- _Work task_:
Images are to be excluded from the copy, and the records below reproduced word for word.

── Available records

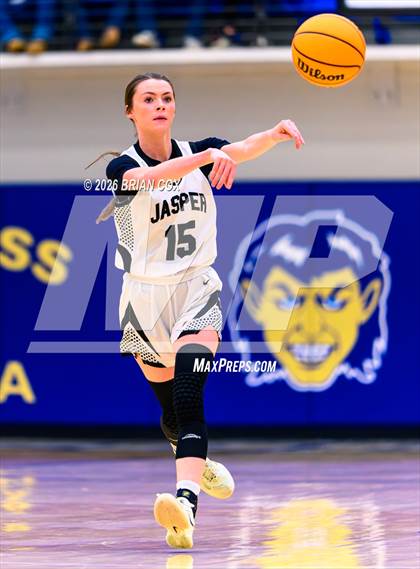 Thumbnail 3 in Jasper vs Earle (Lendel Thomas Classic) photogallery.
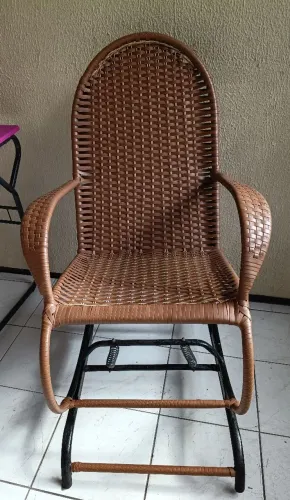 Cadeira de balanço fibra sintética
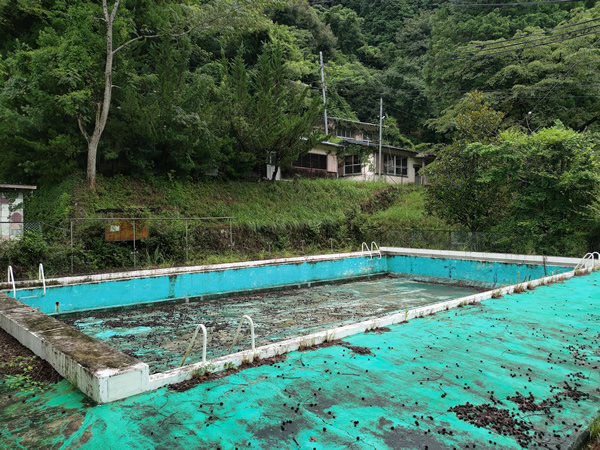 十津川村の二村小学校跡、手作りの廃トンネル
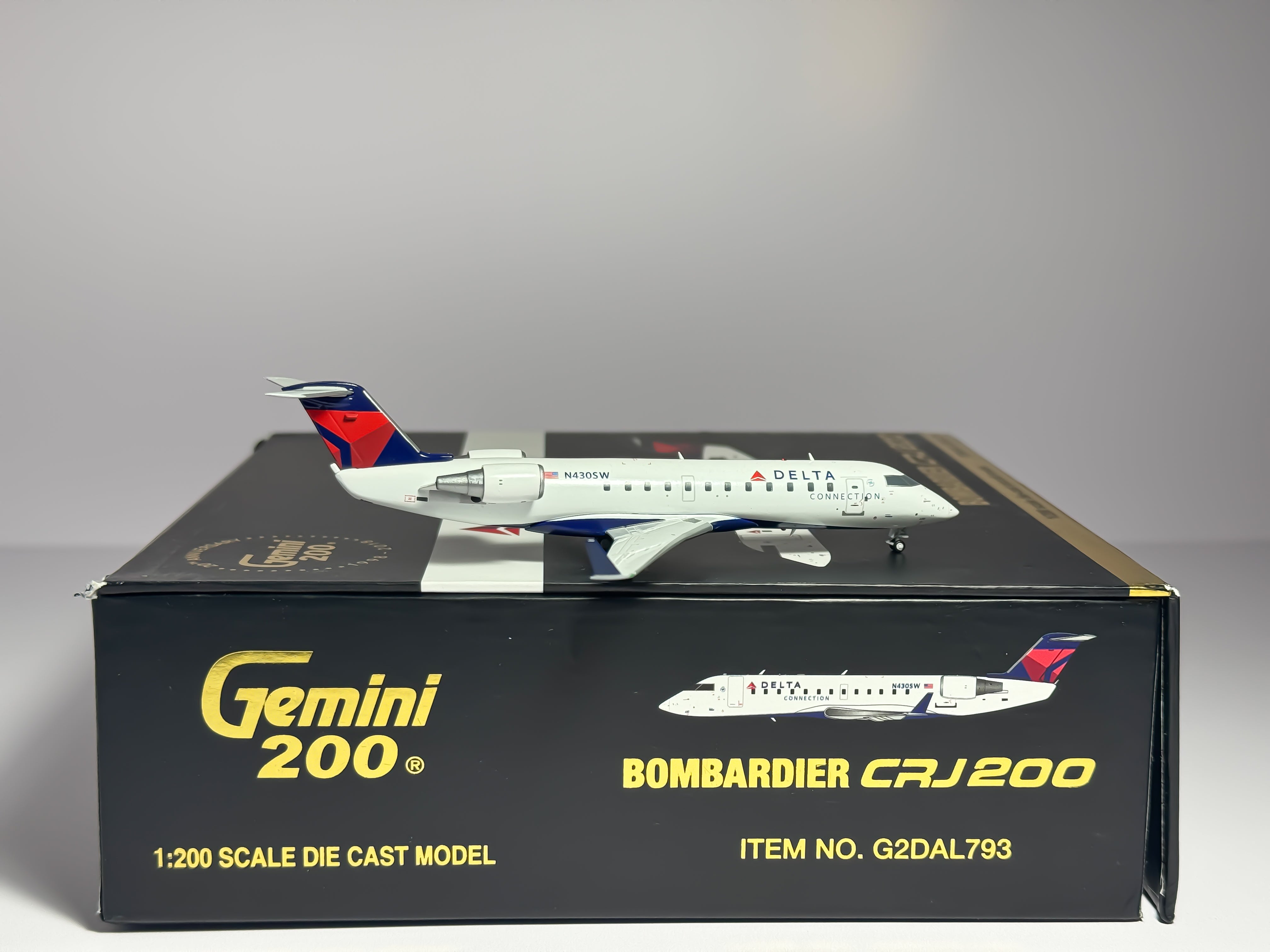 Delta Connection Bombardier CRJ200 1:200 Gemini Jets N430SW (G2DAL793)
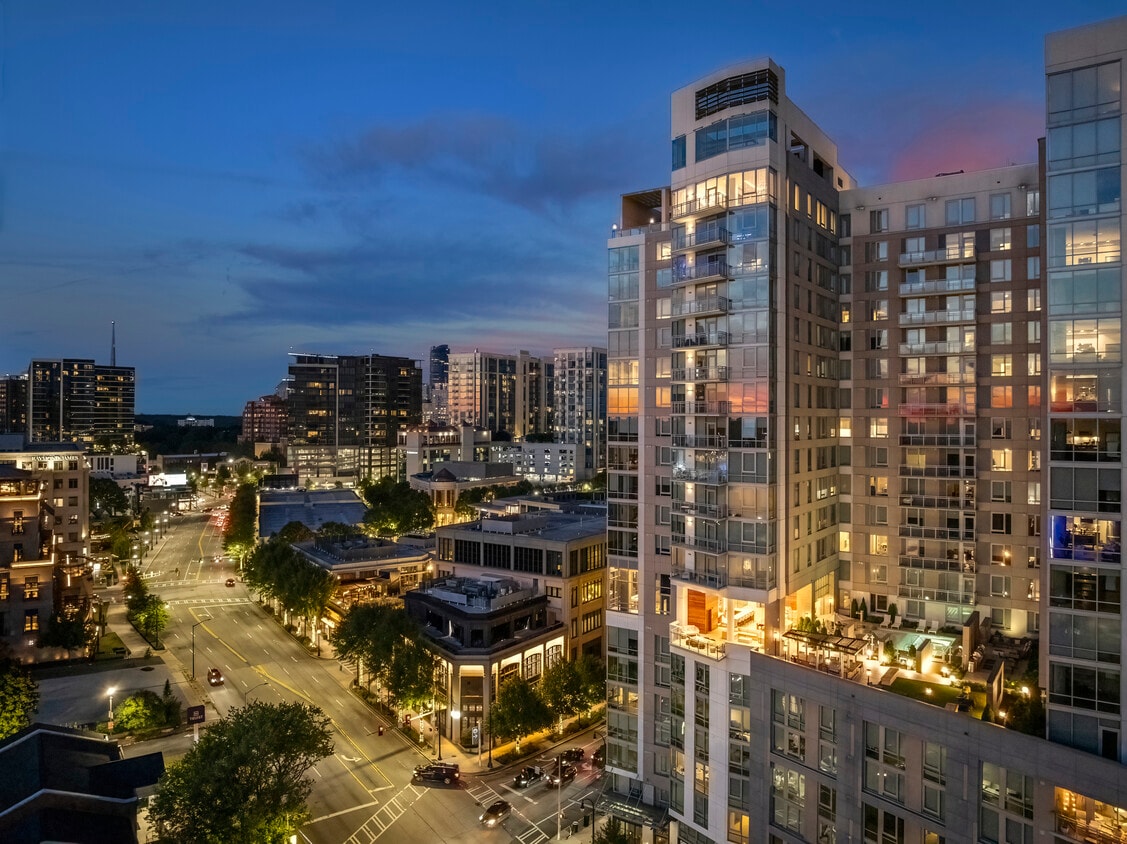 Foto principal - Cortland at Buckhead Village
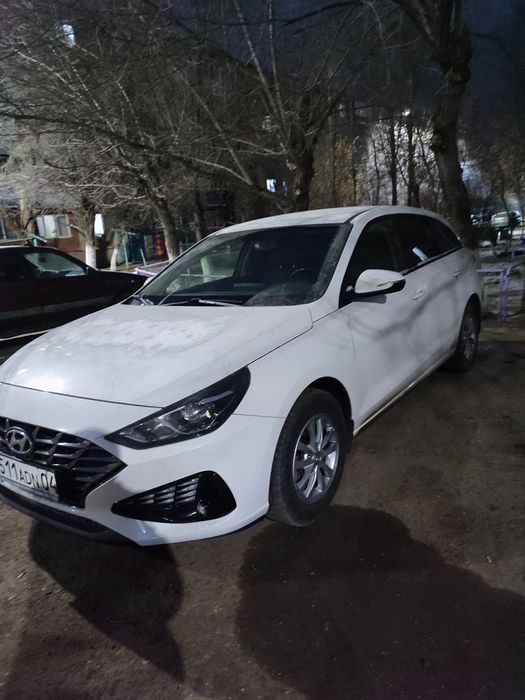 Продам хиундай ай 30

────

- _Answer below_:
 Thumbnail 3 in Jasper vs Earle (Lendel Thomas Classic) photogallery.
 Cadeira de balanço fibra sintética
 十津川村の二村小学校跡、手作りの廃トンネル
 Delta Connection Bombardier CRJ200 1:200 Gemini Jets N430SW (G2DAL793)
 Foto principal - Cortland at Buckhead Village
 Продам хиундай ай 30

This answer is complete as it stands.